▶ **Supplied entries**
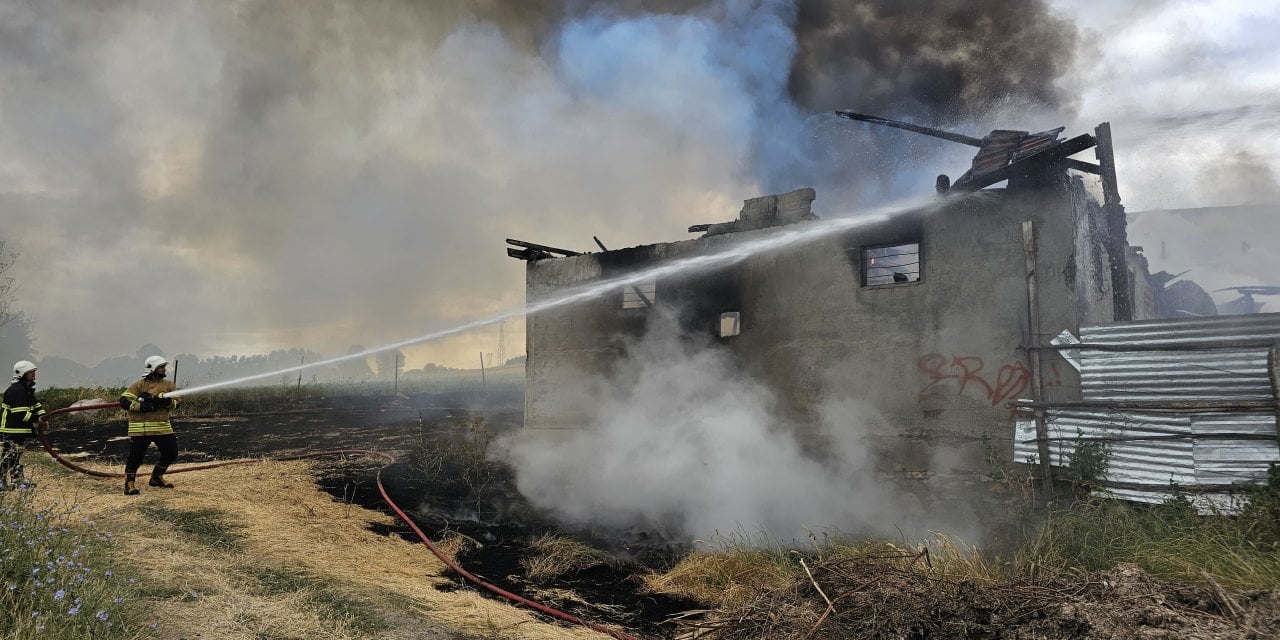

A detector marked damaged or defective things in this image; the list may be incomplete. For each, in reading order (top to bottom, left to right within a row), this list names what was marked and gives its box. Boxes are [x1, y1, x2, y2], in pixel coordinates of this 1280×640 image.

broken window frame [860, 241, 920, 288]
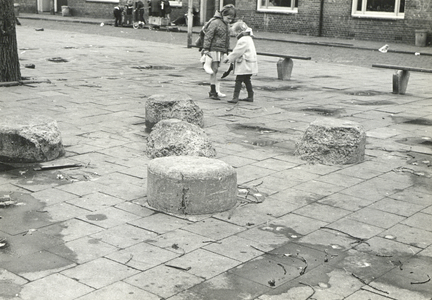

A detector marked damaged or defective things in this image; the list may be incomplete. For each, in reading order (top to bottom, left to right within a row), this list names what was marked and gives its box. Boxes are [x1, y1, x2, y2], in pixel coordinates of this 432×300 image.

broken concrete slab [145, 94, 204, 131]
broken concrete slab [0, 115, 65, 163]
broken concrete slab [147, 118, 216, 158]
broken concrete slab [294, 118, 364, 165]
broken concrete slab [147, 156, 238, 214]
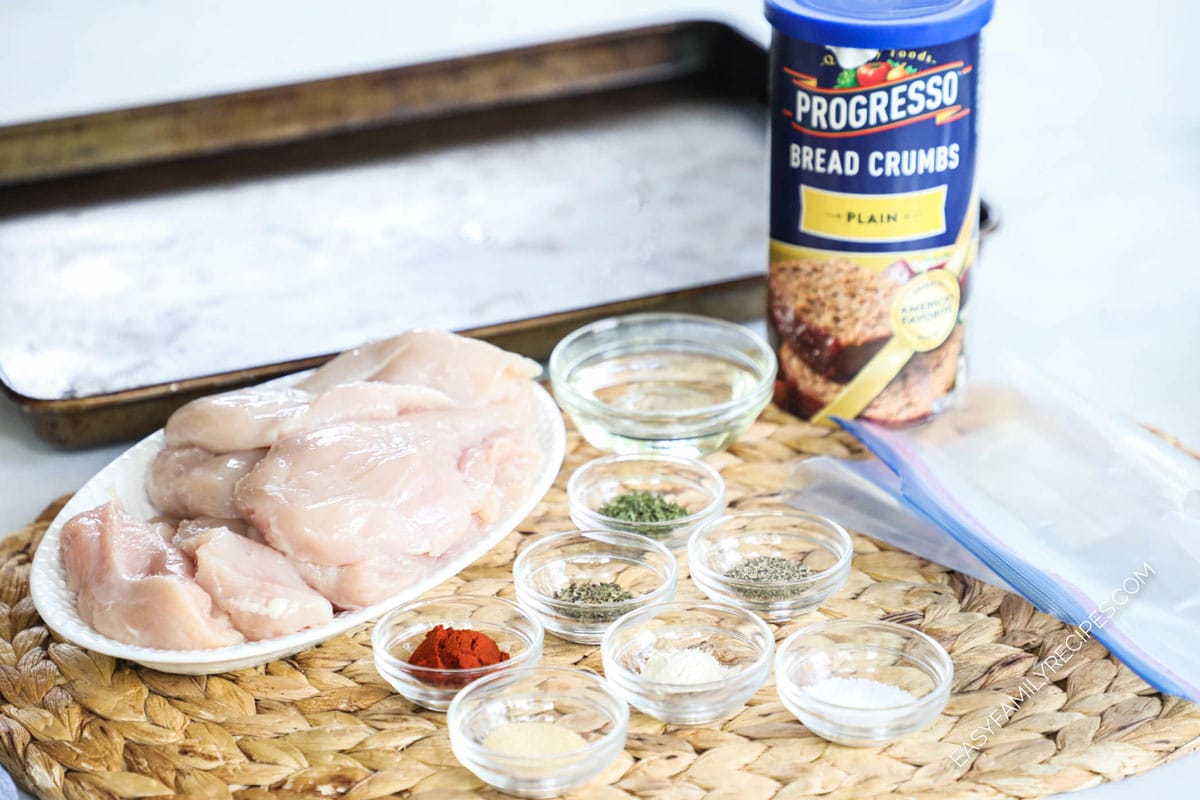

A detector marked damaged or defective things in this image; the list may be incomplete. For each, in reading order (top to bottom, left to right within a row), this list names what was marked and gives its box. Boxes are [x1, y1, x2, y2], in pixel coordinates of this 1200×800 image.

rusty edge of baking pan [0, 21, 748, 185]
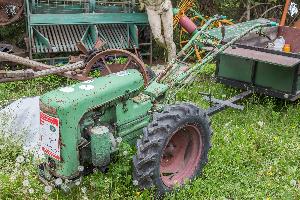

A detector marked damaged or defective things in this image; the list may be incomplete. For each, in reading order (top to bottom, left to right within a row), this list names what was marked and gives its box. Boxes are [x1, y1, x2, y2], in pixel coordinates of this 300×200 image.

rusty metal part [0, 0, 23, 26]
rusty metal part [82, 49, 149, 86]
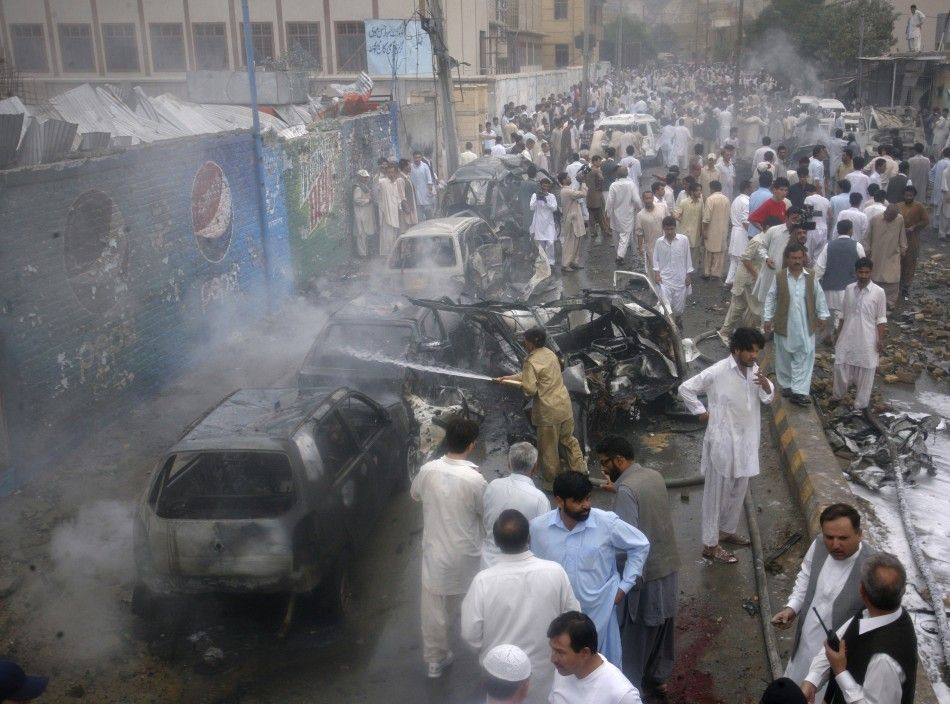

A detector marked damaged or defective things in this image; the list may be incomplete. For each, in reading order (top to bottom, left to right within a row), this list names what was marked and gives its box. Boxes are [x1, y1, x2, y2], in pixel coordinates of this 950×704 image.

burnt car interior [154, 454, 296, 520]
crushed car roof [178, 388, 342, 442]
burnt car [133, 384, 410, 616]
destroyed vehicle frame [135, 384, 412, 612]
burnt car [300, 296, 460, 398]
destroyed vehicle frame [410, 278, 692, 432]
burnt car [412, 272, 704, 432]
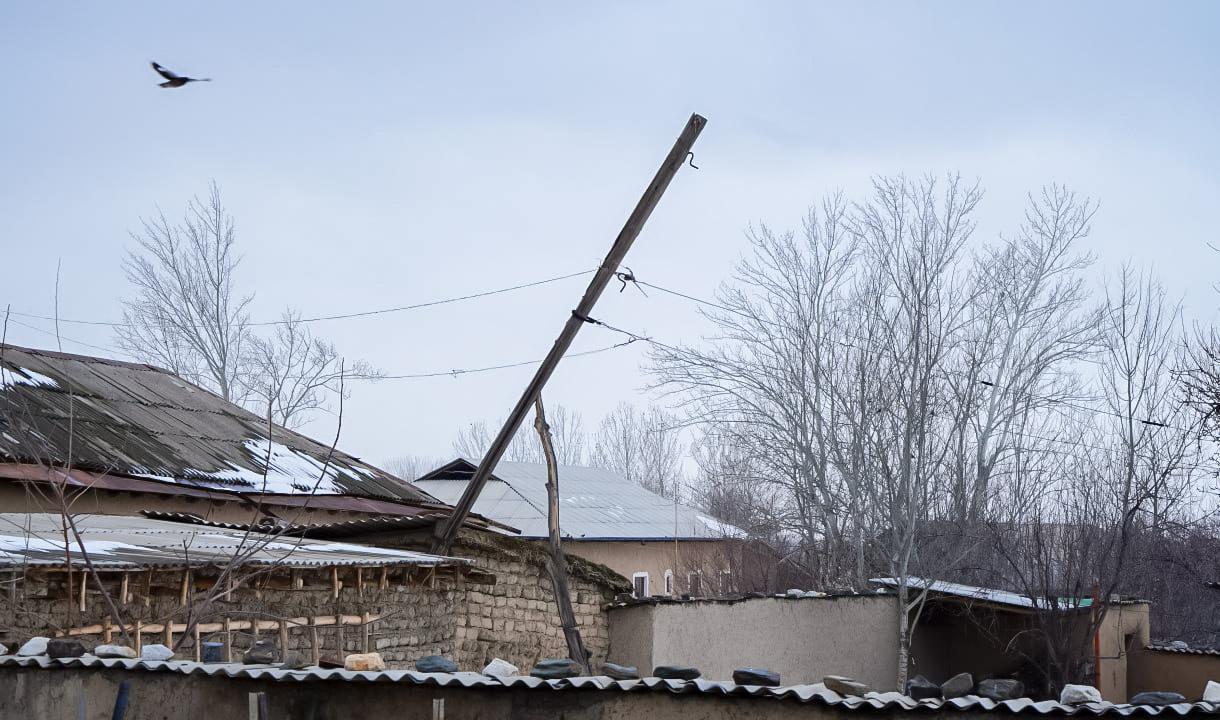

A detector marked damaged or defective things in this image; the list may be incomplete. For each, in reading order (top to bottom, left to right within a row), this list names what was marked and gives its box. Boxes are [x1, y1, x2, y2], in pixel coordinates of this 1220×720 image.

rusty roof [0, 344, 432, 504]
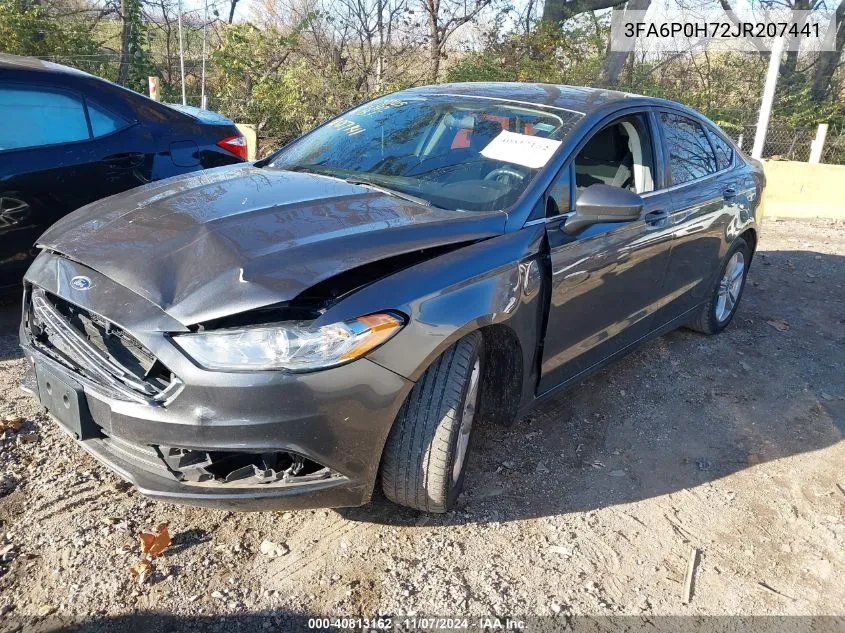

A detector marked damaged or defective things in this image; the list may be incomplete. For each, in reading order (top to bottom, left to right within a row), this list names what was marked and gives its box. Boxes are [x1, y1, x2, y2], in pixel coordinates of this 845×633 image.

broken front bumper [19, 252, 416, 508]
crumpled hood [38, 164, 502, 320]
damaged ford fusion [18, 81, 764, 512]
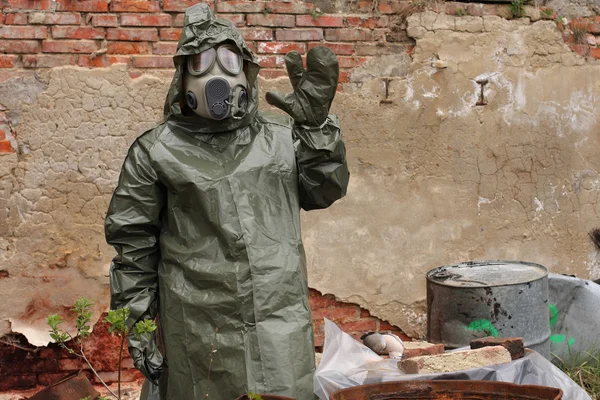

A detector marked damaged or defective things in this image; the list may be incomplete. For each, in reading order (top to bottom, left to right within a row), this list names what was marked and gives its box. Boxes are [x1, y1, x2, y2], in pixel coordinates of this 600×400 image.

rusty metal barrel [424, 260, 552, 358]
rusty metal barrel [328, 380, 564, 398]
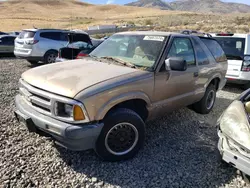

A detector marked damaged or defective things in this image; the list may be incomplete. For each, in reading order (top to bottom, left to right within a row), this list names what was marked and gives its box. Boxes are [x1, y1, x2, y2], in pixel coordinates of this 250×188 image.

dented hood [21, 58, 143, 97]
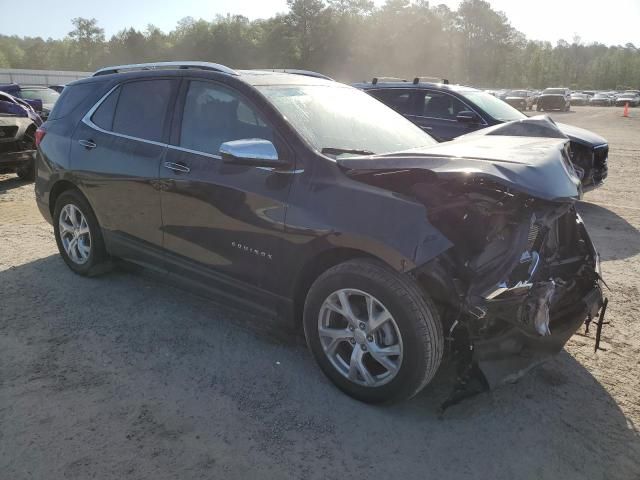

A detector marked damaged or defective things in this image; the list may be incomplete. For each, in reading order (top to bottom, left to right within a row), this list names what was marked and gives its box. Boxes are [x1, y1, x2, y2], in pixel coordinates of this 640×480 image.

crumpled hood [342, 119, 584, 203]
damaged suv front end [338, 118, 608, 392]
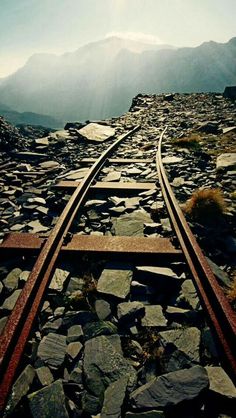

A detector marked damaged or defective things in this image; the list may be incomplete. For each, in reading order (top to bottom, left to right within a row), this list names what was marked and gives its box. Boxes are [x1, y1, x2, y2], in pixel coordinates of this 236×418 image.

rusty metal surface [0, 125, 140, 412]
rusty rail [0, 125, 140, 412]
rusty rail [157, 127, 236, 382]
rusty metal surface [157, 128, 236, 382]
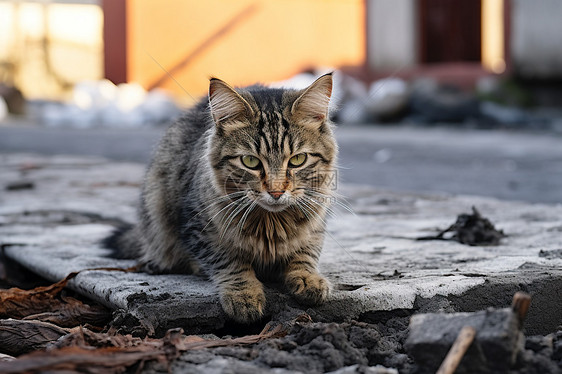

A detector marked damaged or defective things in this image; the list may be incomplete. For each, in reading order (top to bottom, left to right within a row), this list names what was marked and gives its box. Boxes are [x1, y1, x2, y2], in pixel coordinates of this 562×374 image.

cracked concrete slab [1, 153, 560, 336]
broken concrete chunk [402, 308, 520, 372]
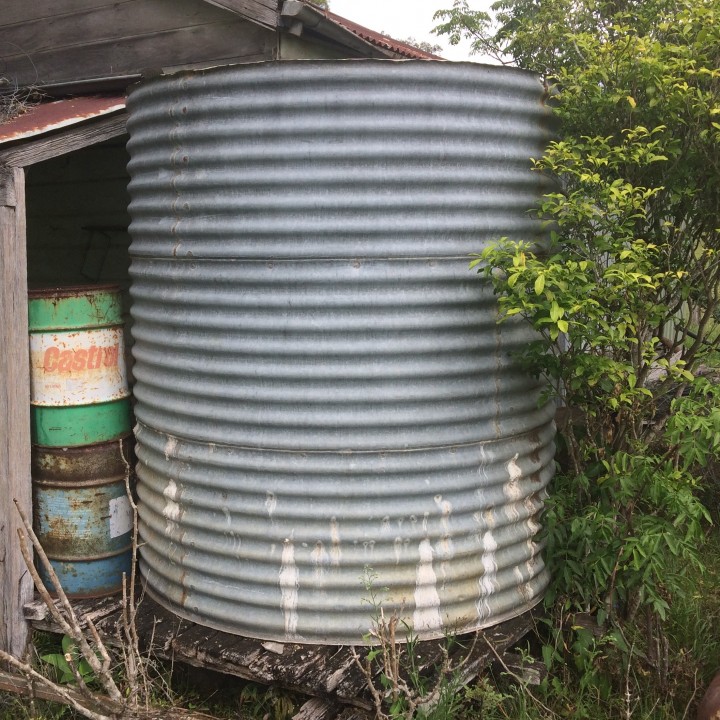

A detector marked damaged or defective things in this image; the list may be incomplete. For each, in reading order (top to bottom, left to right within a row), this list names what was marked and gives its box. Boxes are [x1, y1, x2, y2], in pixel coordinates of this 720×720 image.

blue rusted barrel [31, 438, 135, 596]
blue rusted barrel [125, 62, 556, 644]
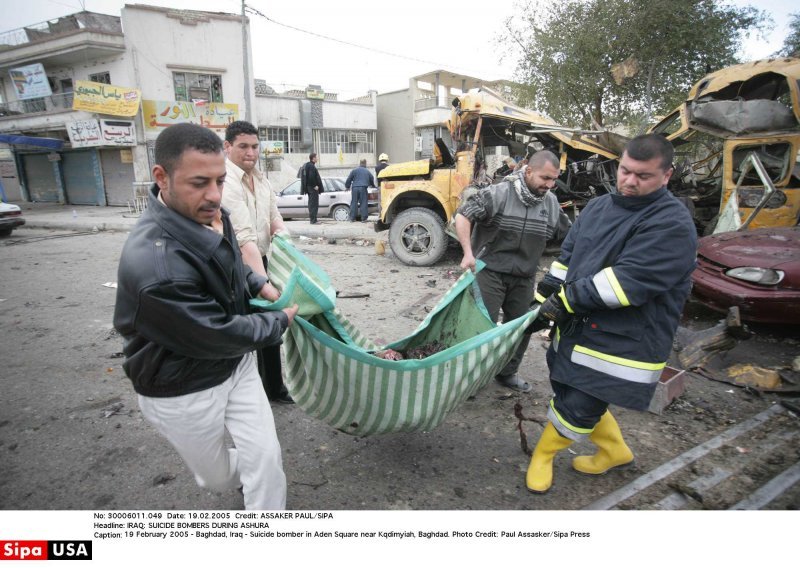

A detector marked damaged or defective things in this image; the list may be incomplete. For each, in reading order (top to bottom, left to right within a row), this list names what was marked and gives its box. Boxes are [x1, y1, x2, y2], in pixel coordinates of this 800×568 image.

wrecked red car [688, 226, 800, 324]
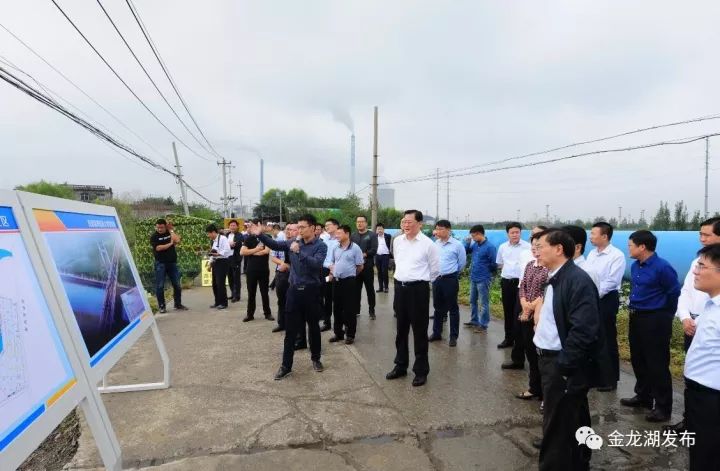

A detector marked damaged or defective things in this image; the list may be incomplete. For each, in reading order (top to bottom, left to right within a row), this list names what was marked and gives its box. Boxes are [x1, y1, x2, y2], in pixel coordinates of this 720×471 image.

cracked concrete pavement [66, 282, 692, 470]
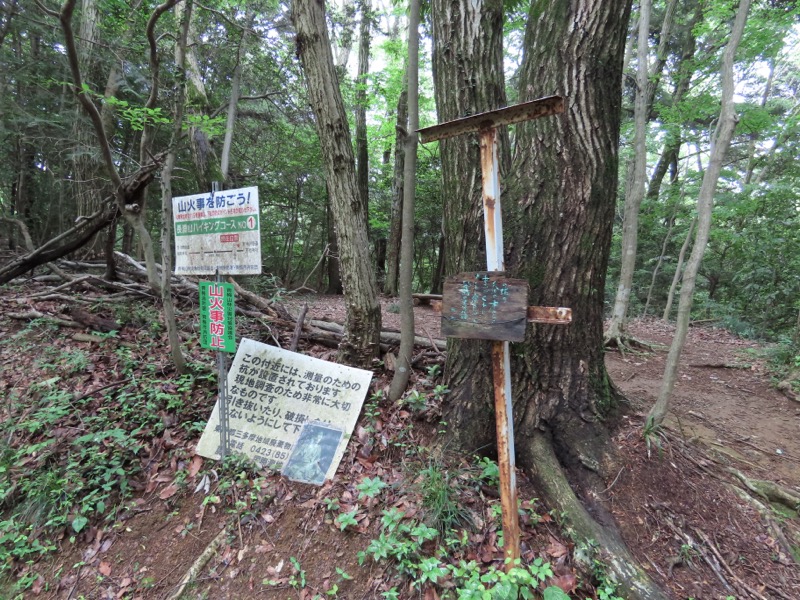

▶ **Task**
Every line above goes into the copy unchanged; the pictures do not.

▶ **Exercise response**
A detector marked damaged or defective things in this image; the list may be incomplete. For each, in reading order (top to bottom, left to right within a row), this list names what was marked and gives its box. Boxes are [x1, y1, x2, y2], in pixel coordinates of this 1280×640 image.

broken window frame [860, 241, 920, 288]

A detector marked damaged or defective things in this image; the list may be incomplete. For each, in reading order (top to bottom, left to right within a row), this list names what was marked and gives its box. Boxes are [x1, y1, x2, y2], in pixel coordinates of this 432×300 image.

broken concrete slab [145, 94, 204, 131]
broken concrete slab [0, 115, 65, 163]
broken concrete slab [147, 118, 216, 158]
broken concrete slab [294, 118, 364, 165]
broken concrete slab [147, 156, 238, 214]

A detector marked damaged or defective things in this image; the list may be incomplete. For each, in reading order (top to bottom, left to right within a row), this list names what was marked and gives its box. Boxes are [x1, y1, x2, y2], in pixel coordinates of this 1200×800 image.

rusty edge of baking pan [0, 21, 748, 185]

A detector marked damaged or defective things in this image; the list may be incomplete. For each, in reading order (top to bottom, left to right within a row), this list names what was marked and gives its box. Boxes are [x1, y1, x2, y2], in pixel coordinates of this 300×200 image.

rusty metal part [0, 0, 23, 26]
rusty metal part [82, 49, 149, 86]

A detector marked damaged or defective things in this image; the list may be incomplete. For each, in reading order (top to bottom, left to right within a row), this list names what was marked and gives its box. Boxes are [x1, y1, x2, y2], in pixel coordinates of this 950×704 image.

burnt car interior [154, 454, 296, 520]
crushed car roof [178, 388, 342, 442]
burnt car [133, 384, 410, 616]
destroyed vehicle frame [135, 384, 412, 612]
burnt car [300, 296, 460, 398]
destroyed vehicle frame [410, 278, 692, 432]
burnt car [412, 272, 704, 432]

A detector marked damaged or defective things in this image; the list may be incomplete. For each, in reading order (top to bottom, left to right within a row), this list names what was marked and gives its box. Boxes are [x1, y1, x2, y2], in pixel coordinates of this 1220×720 image.

rusty roof [0, 344, 432, 504]

A detector marked damaged or defective things in this image; the list may be incomplete. For each, in reading order (top to bottom, left to right within a row), this list names what was marked and gives its box. Boxes are [x1, y1, x2, y2], in pixel coordinates of this 845×633 image.

broken front bumper [19, 252, 416, 508]
crumpled hood [38, 164, 502, 320]
damaged ford fusion [18, 81, 764, 512]

A detector marked damaged or defective things in this image; the list may be incomplete. For each, in reading order (top to bottom, left to right within a row), this list names what was marked and gives its box. Boxes are [x1, y1, x2, y2], in pixel coordinates of this 600×400 image.

rusty metal barrel [424, 260, 552, 358]
rusty metal barrel [328, 380, 564, 398]

A detector marked damaged or defective things in this image; the list may be incomplete. For each, in reading order (top to bottom, left to right within a row), this list names what was marked and gives its box. Boxes are [x1, y1, x2, y2], in pixel coordinates of this 250×188 image.

dented hood [21, 58, 143, 97]

A detector marked damaged or defective things in this image; the list may be incomplete. For each, in reading order (top to bottom, left to right within a row), this list names what was marked and gives its box. Boxes are [x1, y1, x2, y2], in pixel coordinates of this 640×480 image.

crumpled hood [342, 119, 584, 203]
damaged suv front end [338, 118, 608, 392]

A detector marked damaged or defective things in this image; the list may be incomplete. For each, in reading order (top to bottom, left to right within a row), this list names what was marked and gives its box. Boxes are [x1, y1, x2, y2], in pixel coordinates of this 236×418 image.

rusty metal surface [0, 125, 140, 412]
rusty rail [0, 125, 140, 412]
rusty rail [157, 127, 236, 382]
rusty metal surface [157, 128, 236, 382]

A detector marked damaged or defective things in this image; the list may be incomplete. For each, in reading order (top to bottom, left to right within a row), this list names what was marked and gives its box. Boxes are [x1, y1, x2, y2], in pixel coordinates of this 562×374 image.

cracked concrete slab [1, 153, 560, 336]
broken concrete chunk [402, 308, 520, 372]

A detector marked damaged or defective things in this image; the list may be incomplete. For each, in reading order (top to bottom, left to right within a row), this list names what was marked and gives its box. Boxes are [x1, y1, x2, y2], in pixel coordinates of this 720×720 image.

blue rusted barrel [31, 438, 135, 596]
blue rusted barrel [125, 62, 556, 644]

A detector marked damaged or defective things in this image; the list may be incomplete. For each, in reading order (top to bottom, left to right within a row), this list names what was marked and gives its box. Boxes are [x1, y1, x2, y2], in pixel coordinates of this 800×568 image.

wrecked red car [688, 226, 800, 324]

A detector marked damaged or defective things in this image; the list may be incomplete. For each, in reading order (top to bottom, left to right within a row), this list names what was marked and gives its box. Boxes are [x1, y1, x2, y2], in pixel coordinates of this 720×471 image.

cracked concrete pavement [66, 282, 692, 470]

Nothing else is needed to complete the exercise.